Editor's Note: With this article, Dr. Miller adds another installment to his periodic "Dynamic Diagnosis" series: concise anecdotes that serve as clinical pearls for your practice.
A 36-year-old female with fibromyalgia sought chiropractic care for neck pain in January 2022. She had a history of continuous neck pain related to fibromyalgia, but the current neck pain was different. Something had changed.
History, examination, and a three-view radiographic study of the cervical spine were performed. The combination of diagnostic procedures was unremarkable, other than an increase in the severity of existing trigger points in the cervical and shoulder regions.
A new diagnosis was not assigned, and the patient received care for an acute exacerbation of her chronic fibromyalgia condition. Care proceeded successfully in a routine manner.

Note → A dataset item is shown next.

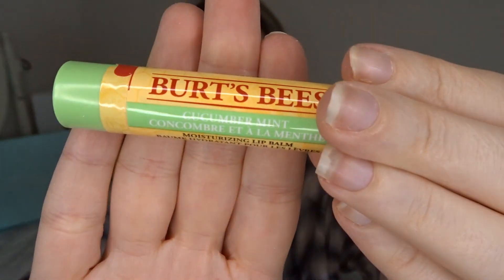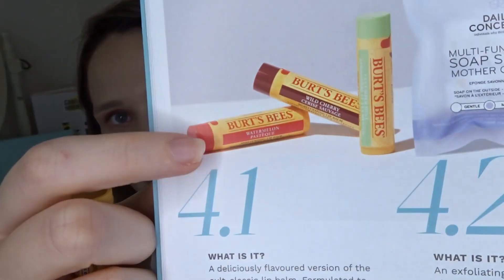Next we have the Burt's Bees Cucumber Mint Moisturizing Lip Balm — I've wanted to try one of these for a long time. It's a deliciously flavored version of the cult classic lip balm, formulated to condition and moisturize the lips. This month you could receive refreshing cucumber mint, super sweet cherry, or fresh watermelon. I'm happy with any of them and I'll definitely be keeping this one.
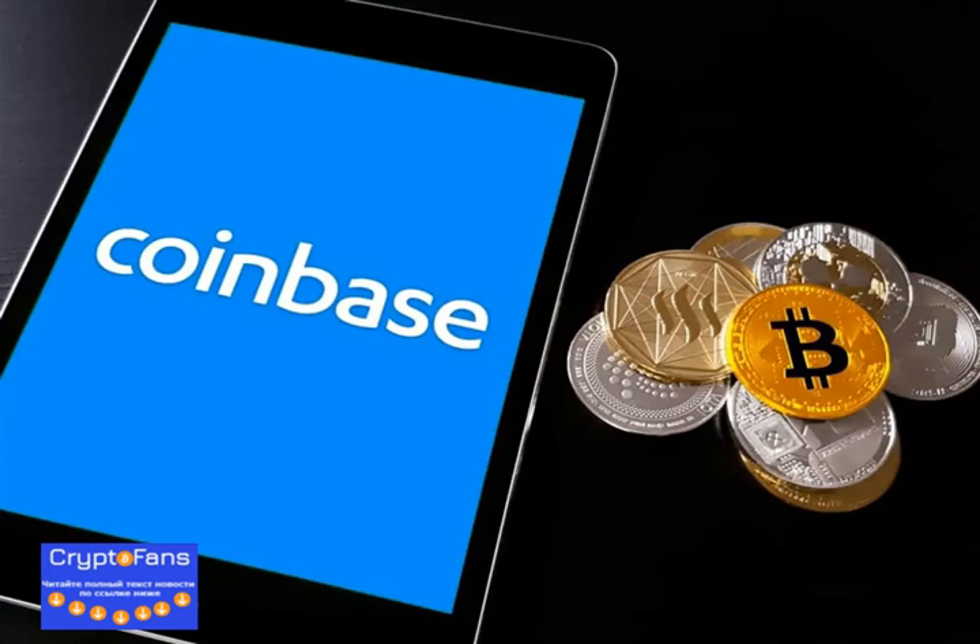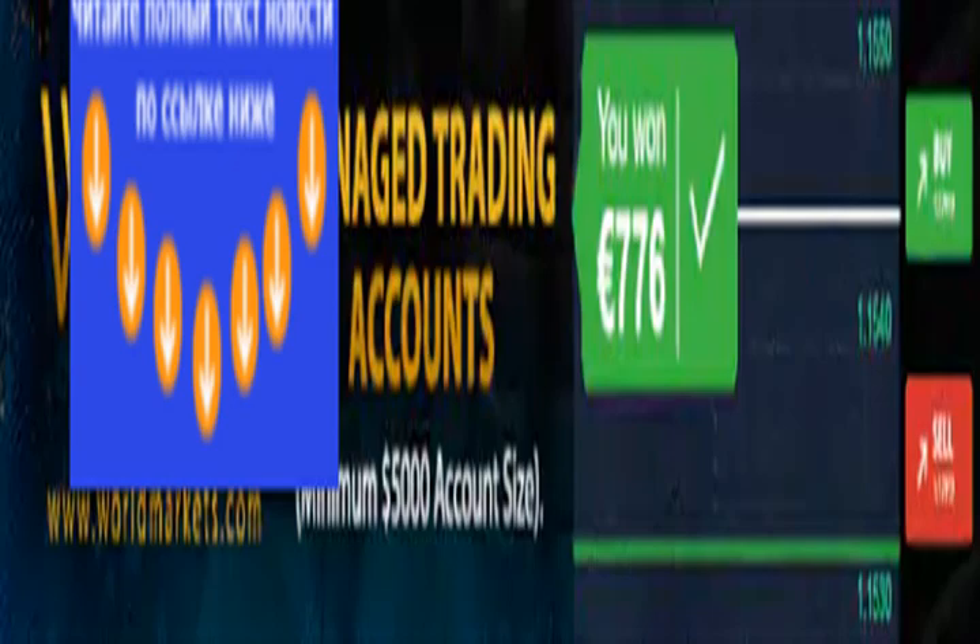Coinbase today announced the addition of Ethereum-based Balancer (BAL) and Ren (REN) to their website and Android and iOS apps. This will allow Coinbase customers to buy, sell, convert, send, receive, or store BAL and REN.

An Interesting Radiological Feature
While the case was unremarkable clinically, it provided an interesting radiological feature. An artifact was present on the lateral radiograph. The artifact was not visible on the AP or APOM radiographs, as positioning for those images is lower, more caudal, than for the lateral view.
When the attending noticed the artifact, he immediately realized it is not typically seen in radiology textbooks covering common and unusual artifacts, nor had the attending noticed it in the past.
Three Different Opinions
Once the artifact was identified, the attending wondered if other physicians would recognize the artifact and the reason for its presence. So, he asked three physicians to identify the artifact.
The first physician remarked that the artifact was the nose piece of the patient's glasses. However, the patient was not wearing glasses. The second physician said the artifact was probably associated with a rhinoplasty procedure. However, the patient had not had a nose job.
The third physician's first guess was that the patient had something stuck in her nose, but he quickly changed course to identify the artifact correctly.
The Correct Answer
The artifact was the metal in the nose area of the N-95 mask the patient wore during the radiographic procedure (See X-ray) – a "sign of the times."